Герой, идейность, мастерство
1
Грандиозные планы по революционному преобразованию экономической структуры страны и общественных отношений, начертанные партией в документах и решениях XXVII съезда КПСС и призванные ускорить научно-технический прогресс, повысить социальную активность трудящихся, укрепить демократические начала в жизни нашего общества, рождают живительное чувство оптимизма, которое ярко окрашивает все помыслы мастеров литературного дела. Пафос обновления, проникающий в самые глубинные ячейки общественного организма, естественно, все шире захватывает сегодня литературно-творческие силы страны. Об этом свидетельствуют прошедшие республиканские писательские съезды. Весомо и впечатляюще прозвучал голос писателей в поддержку новаторских начинаний партии, которые и от самого литературного творчества требуют всепроникающего новаторского духа.
Партия направляет деятельность художников слова на еще более плодотворное укрепление их связей с жизнью народа. Это требование четко сформулировано в Новой редакции Программы КПСС. А быть с народом – значит сегодня войти всей сутью души, ума и таланта в атмосферу решительных изменений, касающихся всех сфер народного бытия, – изменений экономических, технических, социально-психологических и нравственно-духовных.
Сблизиться с жизнью, средствами искусства раскрыть сложные, противоречивые процессы, которые в ней происходят, дать глубокие художественные обобщения – это задача не кампанейского характера, а жизненная необходимость, условие дальнейшего плодотворного развития советской литературы. И если судить об ее успехах и достижениях за последние годы и о ее перспективах, возможностях по требовательным критериям современности, то одним из таких важнейших критериев должен стать вопрос о том, насколько отчетливо она предчувствовала необходимость перемен, приходящих в жизнь сегодня. Подлинные художники, всегда чуткие к потребностям общественного развития, несомненно должны были отразить в своем творчестве те социальные ситуации и конфликты, те противоречия в современном состоянии общества, о которых прямо и откровенно говорят ныне партия, решения ее XXVII съезда.
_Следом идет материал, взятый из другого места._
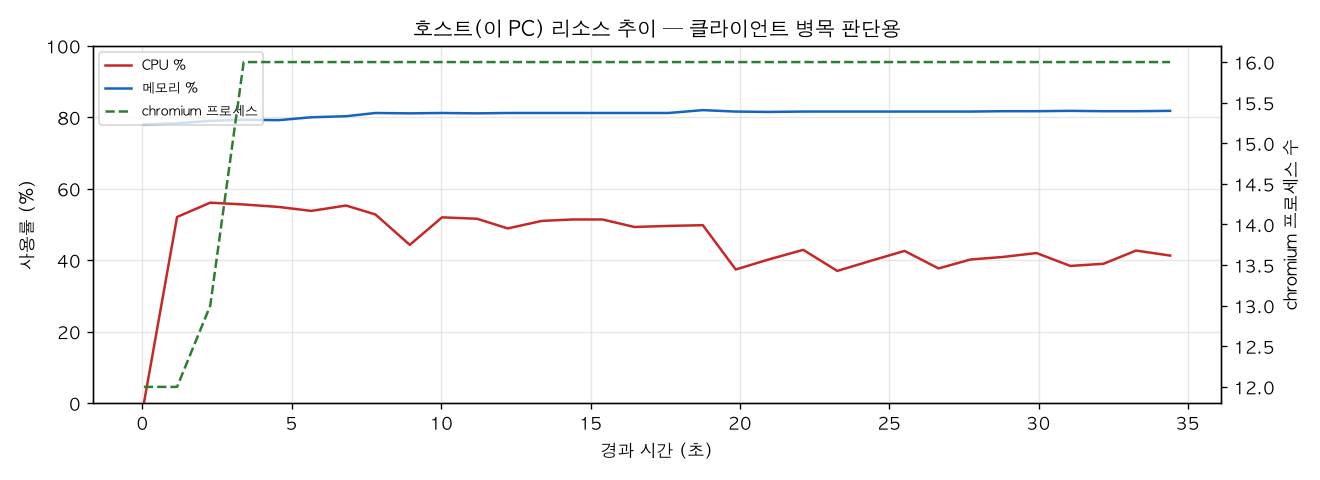 호스트(PC) 리소스 추이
Как? – это, пожалуй, главный вопрос современной общественной жизни, независимо от того, касается ли он неотложных решений в области экономики и научно-технического прогресса или затрагивает сферу духовной жизни. Кажется, литература уже научилась различать недостатки и тормозящие явления в общем процессе социального развития. Но как устранить их – уяснение этой проблемы проблем через художественный анализ человека и человеческих отношений дается пока всем нам с трудом.
Стремительность времени… Как часто повторяются эти слова в литературном обиходе! Повторяются обоснованно, потому что наше время в самом деле летит с неимоверной быстротой. Но иногда возникает при этом беспокоящее чувство-вопрос: а всегда ли, говоря о стремительности времени, мы ясно представляем себе, каково реальное содержание этого процесса, какого характера токи и устремления его питают? Во всяком случае, стремительность, убыстрение – не воспаряющая легкость, не красочный, праздничный полет. Они рождаются в трудном борении жизни, в остром столкновении передового и отсталого, в напряженных психологических битвах, утверждающих новые формы духовного бытия.
Обострение глобальных задач времени всегда было связано с развитием художественного сознания в сторону углубления самих принципов изображения жизни, рождало чувство гражданской мобилизованности. Задачи и перспективы, намеченные партией, требуют от литературы и искусства внутренней готовности идти навстречу новым требованиям времени. В какой же степени современная белорусская литература, в частности проза последних лет, соприкасается своей живой душой с требовательным ходом времени, с его неотложными, остро, а иногда и тревожно выявляющимися проблемами? Конечно, всесторонний ответ на этот вопрос нельзя дать без серьезного аналитического труда, без коллективных усилий. Однако без такой все более углубленной работы невозможно развитие самосознания литературы, повышение ее качественных критериев.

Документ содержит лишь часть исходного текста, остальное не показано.